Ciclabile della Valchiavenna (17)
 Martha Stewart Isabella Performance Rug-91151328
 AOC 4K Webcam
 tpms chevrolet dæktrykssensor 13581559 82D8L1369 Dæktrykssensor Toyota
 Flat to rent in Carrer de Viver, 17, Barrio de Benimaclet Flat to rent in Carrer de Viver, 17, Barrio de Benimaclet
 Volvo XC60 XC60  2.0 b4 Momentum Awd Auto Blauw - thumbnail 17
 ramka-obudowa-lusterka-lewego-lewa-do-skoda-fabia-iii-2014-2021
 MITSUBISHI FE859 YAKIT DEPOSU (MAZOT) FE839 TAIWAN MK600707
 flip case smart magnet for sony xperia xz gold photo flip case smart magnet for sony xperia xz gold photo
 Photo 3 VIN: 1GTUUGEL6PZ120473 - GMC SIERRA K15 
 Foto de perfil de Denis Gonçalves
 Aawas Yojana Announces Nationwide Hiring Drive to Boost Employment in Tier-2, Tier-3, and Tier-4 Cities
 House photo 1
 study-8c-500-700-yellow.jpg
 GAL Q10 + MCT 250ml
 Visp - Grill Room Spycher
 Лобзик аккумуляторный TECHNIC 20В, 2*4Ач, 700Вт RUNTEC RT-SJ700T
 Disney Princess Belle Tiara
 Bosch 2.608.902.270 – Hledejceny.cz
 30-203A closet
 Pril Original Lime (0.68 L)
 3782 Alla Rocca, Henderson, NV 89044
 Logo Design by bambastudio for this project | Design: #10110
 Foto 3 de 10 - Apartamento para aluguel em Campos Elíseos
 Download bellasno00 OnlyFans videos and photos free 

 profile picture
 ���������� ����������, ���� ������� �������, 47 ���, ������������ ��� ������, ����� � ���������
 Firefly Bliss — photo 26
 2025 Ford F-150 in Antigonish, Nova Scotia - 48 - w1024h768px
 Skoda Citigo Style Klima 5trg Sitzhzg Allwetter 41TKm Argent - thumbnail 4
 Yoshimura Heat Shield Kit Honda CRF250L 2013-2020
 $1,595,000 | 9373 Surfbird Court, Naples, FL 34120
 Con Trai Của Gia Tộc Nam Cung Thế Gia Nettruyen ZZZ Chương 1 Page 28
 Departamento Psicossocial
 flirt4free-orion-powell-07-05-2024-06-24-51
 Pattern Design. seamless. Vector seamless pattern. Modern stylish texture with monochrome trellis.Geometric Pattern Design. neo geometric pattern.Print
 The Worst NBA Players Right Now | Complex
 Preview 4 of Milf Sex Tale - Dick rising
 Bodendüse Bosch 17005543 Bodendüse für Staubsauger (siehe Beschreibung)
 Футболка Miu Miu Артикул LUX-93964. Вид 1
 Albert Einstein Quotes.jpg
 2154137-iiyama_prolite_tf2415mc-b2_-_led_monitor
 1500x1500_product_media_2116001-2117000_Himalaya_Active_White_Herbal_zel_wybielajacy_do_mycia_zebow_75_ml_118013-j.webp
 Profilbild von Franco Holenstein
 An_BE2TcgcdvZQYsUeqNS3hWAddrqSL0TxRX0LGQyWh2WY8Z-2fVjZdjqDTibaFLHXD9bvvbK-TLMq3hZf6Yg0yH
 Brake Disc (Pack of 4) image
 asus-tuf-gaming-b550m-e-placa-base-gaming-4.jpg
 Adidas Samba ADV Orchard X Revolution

About this task: Copy out each line of the records where the word "Foto" appears.

Exercise result:
 Foto de perfil de Denis Gonçalves
 Foto 3 de 10 - Apartamento para aluguel em Campos Elíseos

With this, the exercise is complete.